Re: Improving planner variable handling - Mailing list pgsql-hackers

From Tom Lane
Subject Re: Improving planner variable handling
Date
Msg-id 26957.1208566981@sss.pgh.pa.us
Whole thread Raw
In response to Improving planner variable handling  (Tom Lane <tgl@sss.pgh.pa.us>)
Responses Re: Improving planner variable handling  (Tom Lane <tgl@sss.pgh.pa.us>)
List pgsql-hackers
I wrote:
> I've been thinking about how to improve the planner's poor handling of
> variables in outer-join situations.
> ...
> I think the basic solution for this is that upper levels of the plan tree
> should refer to the nullable output columns of an outer join using
> "alias Vars" that name the join rel, not the underlying base relation,

After further thought about this, and about the new "ForceToNull"
expression node that I was suggesting, I have a more radical proposal
in mind: let's get rid of join alias variables, instead of expanding
their use.

What I'm now envisioning is that the parser would generate Vars that
always refer to base relations, never to join nodes; and if the
reference appears above an outer join that can null the variable,
plaster a ForceToNull node atop the Var.  ForceToNull would carry the
relid (rangetable index) of the RTE_JOIN RTE for the outer join, so that
it expresses exactly which outer join has done the nulling.  Actually,
rather than just an index of one join RTE, ForceToNull should carry a
bitmapset of relids of multiple outer joins, in case we are looking down
through multiple outer joins to the base relation.  The advantage of
doing it that way instead of stacking several ForceToNull nodes is that
the representation doesn't change if we change the order of application
of the outer joins.

In this approach ForceToNull is carried all the way through the
parsing/planning process, rather than being inserted on-the-fly in
some late stage of the planner.  At the last stage of the planner
(setrefs.c) we could mark it or modify it in join plan nodes to
let the executor know which side of the join needs to be checked
to decide whether to null at execution time.

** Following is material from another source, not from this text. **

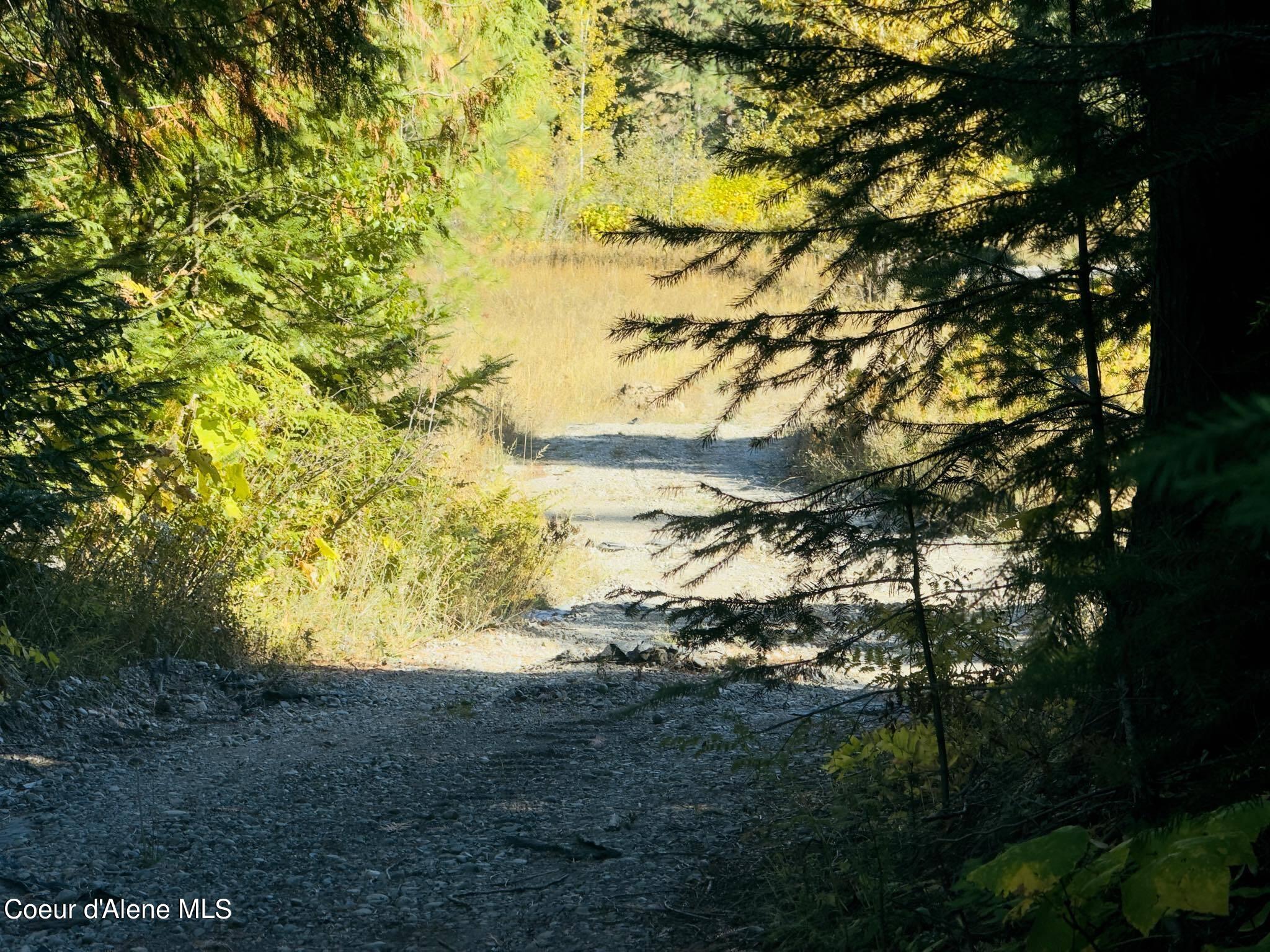 NNA Rustic Way, Lot 8, Spirit Lake, Idaho image 3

This representation has the nice property that two Var-and-optional-
ForceToNull expression trees are equal() if and only if they are
semantically equivalent --- a property we don't have right now, either
before or after smashing join alias vars to base vars (although it's
worse without doing that, which is why the planner is doing it
currently).  So we don't need flatten_join_alias_vars anymore.

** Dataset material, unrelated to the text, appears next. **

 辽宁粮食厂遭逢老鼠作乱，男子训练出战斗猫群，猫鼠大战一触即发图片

There is one corner case that doesn't fit into this nicely, which is
merged output columns from FULL JOIN USING.  Currently we represent
those as join alias Vars initially, and expand them into
"COALESCE(left-side-var, right-side-var)" during
flatten_join_alias_vars.  We could keep doing that, since the planner
has no great intelligence about FULL JOIN anyway.  But I was hoping
to get rid of the flatten_join_alias_vars pass altogether.  Perhaps
it is worth adding a special parsetree representation for these
things --- I'm imagining something roughly like ForceToNull but with
two inputs not one.  I think the only reason we need a special
representation at all is so that ruleutils.c can decompile it
as a Var reference rather than COALESCE().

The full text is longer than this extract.